TASK DETAILS: Your task is to extract every line from the material below exactly.

PROVIDED MATERIAL:

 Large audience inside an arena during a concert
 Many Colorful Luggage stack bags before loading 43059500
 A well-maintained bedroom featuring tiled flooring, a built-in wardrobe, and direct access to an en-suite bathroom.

ANSWER BOX:
 Large audience inside an arena during a concert
 Many Colorful Luggage stack bags before loading 43059500
 A well-maintained bedroom featuring tiled flooring, a built-in wardrobe, and direct access to an en-suite bathroom.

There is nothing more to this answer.